Developers could get automatic planning permission to build on disused industrial sites in England.
Ministers would also get powers to seize disused land, while major housing projects could be fast-tracked, and rules on extensions in London relaxed.
Business Secretary Sajid Javid unveiled the plans as part of a broader push to boost Britain's productivity.
It came as official figures showed new house building fell by 5.8% in May, the sharpest decline in nearly four years.
There is a question mark over whether building more homes will boost productivity as much as ministers claim and Labour said the Conservatives had a record of making "empty promises" over the past five years.
Treasury sources say workers are more productive when they live closer to their jobs - but critics say increasing airport capacity and electrifying the Transpennine rail line would have a much bigger effect.
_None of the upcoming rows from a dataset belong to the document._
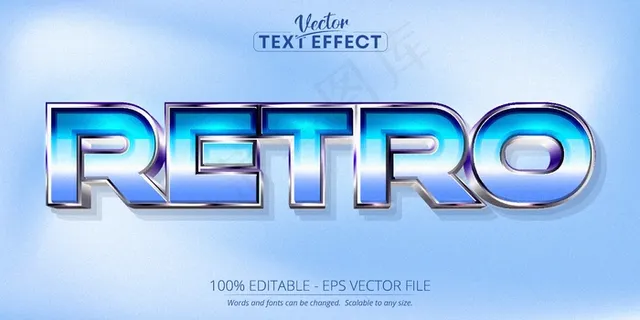 复古文字，80 年代纹理渐变色风格可编辑文字效果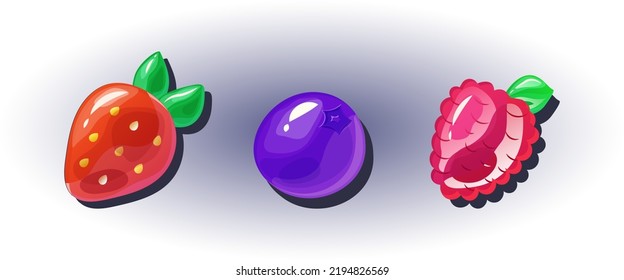 Collection of 3D illustrations of berries for game prizes. Realistic strawberry, blueberry and raspberry on a dark background. Vector illustration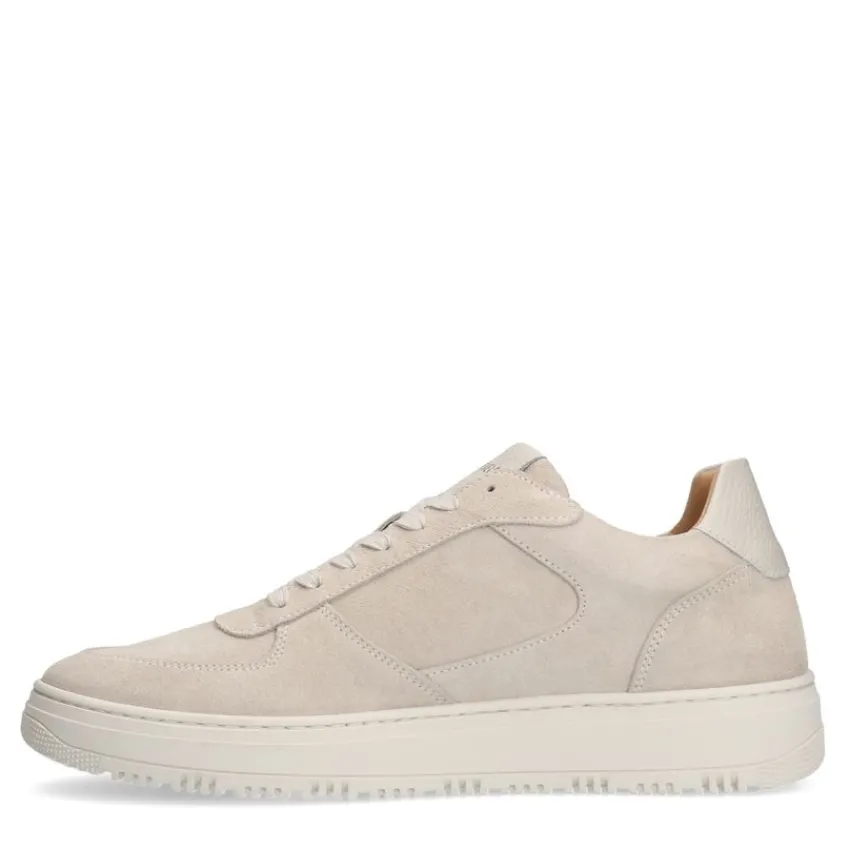 Manfield Licht grijze suède sneakers^Heren Sneakers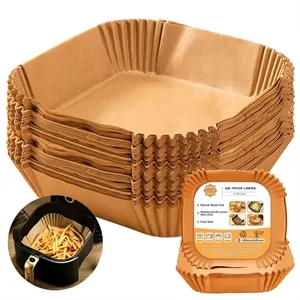 7.9" Square Air Fryer Disposable Paper Liners 125 Pcs/Box
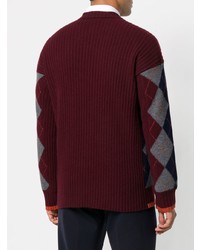 dunkelroter Pullover mit einem Rundhalsausschnitt mit Argyle-Muster von Pringle Of Scotland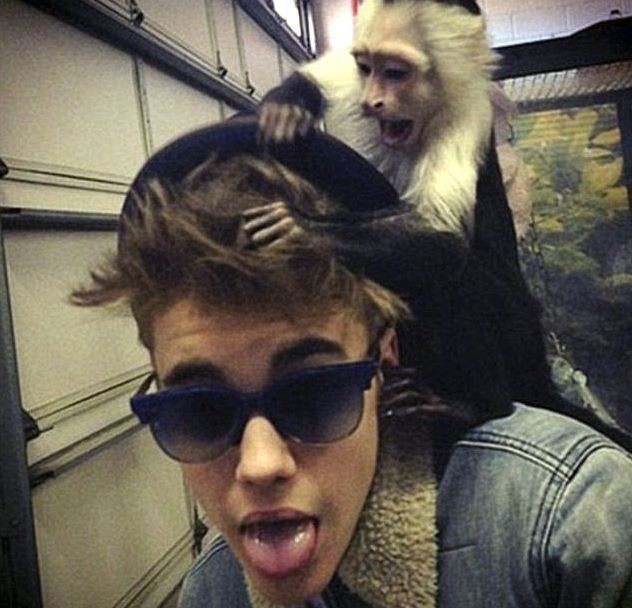 Justin Bieber e seu macaco OG Mally  (Foto: Instagram/Reprodução)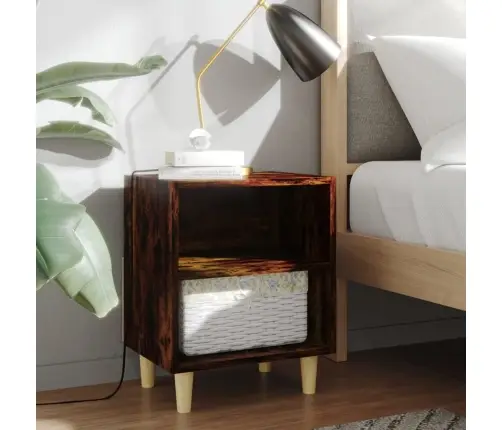 Naktsskapīši Ar Koka Kājām, 2 Gab., Ozolkoka Krāsa, 40X30X50 Cm Vidaxl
Emran Mian, a director of the Social Market Foundation think tank, said: "I think if I was thinking about a productivity plan, housing wouldn't be the first issue I would leap to."
Electrification of the Trans Pennine line between Manchester and Leeds and a section of the Midland Mainline has been delayed and a decision on a third runway at Heathrow, recommended by an independent commission, will not be made until the end of the year.
Analysts have also questioned whether there is enough brownfield land - a term which refers to land that has previously been developed but is vacant or derelict - available to meet the UK's housing needs over the next 15 years.
Under the new proposals - which will need to be approved by MPs - automatic planning permission would be granted on all "suitable" brownfield sites under a new "zonal" system.
Another change would see ministers seek to scrap the need for planning permission in London for developers who want to extend buildings to the height of neighbouring properties, which they say will "add dynamism" to house building in the capital.
Green belt land
Planning powers will be devolved to mayors in London and Manchester, while enhanced compulsory purchase powers will allow more brownfield land to be made available for development.
There would also be new sanctions for councils that do not deal with planning applications quickly enough, and the government would be able to intervene in councils' local development plans.
Mr Javid told the BBC the 141,000 new homes built last year were a fraction of those needed to meet demand.
"Local people will still have control over planning," he said.
"The point of this is to make sure we build more homes, that local people are still rightly involved in those decisions and we find ways to speed it up."
There was "no need" to build on green belt land, he insisted, to meet the government's targets.
Carrot and stick
"The green belt can be rightly protected. There is plenty of land which is not green belt that we can build on and which is suitable for housing and we need to get on with it. We need to find new ways to encourage it."
In 2013, ministers were forced to back track on plans to allow single-storey extensions of a certain size to be built without planning permission, so that neighbours would have the right to be consulted on building work.
Mark Field, Conservative MP for Westminster and the Cities of London, said the chancellor may have "run out of patience" with councils for dragging their feet on the issue and he expected "some kickback" against the plans, including from Conservative-run county councils.
"We have tried the carrot approach with our councils and now we need to have more of a stick," he told the BBC's Daily Politics. "Whether that stick works is another matter."
But the Local Government Association said councils were not holding up new homes and that developers were not prioritising brownfield sites. It called for stronger compulsory purchase order powers to allow councils to buy up sites "stuck in the system".
Labour said productivity had stagnated since 2010 and was forecast to fall in every year up to 2020.
"Today's document is a patchwork of existing schemes rather than a substantial reform to boost skills, business growth and wages," said shadow Treasury secretary Shabana Mahmood.
"Working people need delivery, not more empty promises. Instead of investing in the infrastructure and skills we need, the government are dithering on airports, have cancelled the electrification of key rail lines and have rebadged existing training as apprenticeships."
The Fixing the Foundations package also includes measures on higher education, transport, devolution of powers to cities and trade although much of its contents were announced in Wednesday's Budget
Speaking in Birmingham at the report's launch, Mr Javid pledged to get "Britain moving, building and learning".
He acknowledged the UK was falling behind its competitors in terms of productivity, saying it took British workers five days more than their German counterparts to match their output per hour.
This, he said, was not the fault of workers, whose commitment was "second to none", but of the failure of successive governments to modernise infrastructure and invest in skills and training.
Up to £100bn would be spent on improving the transport network by 2020, he said, warning that unless action was taken 100 million working days would be lost every year to congestion by 2040.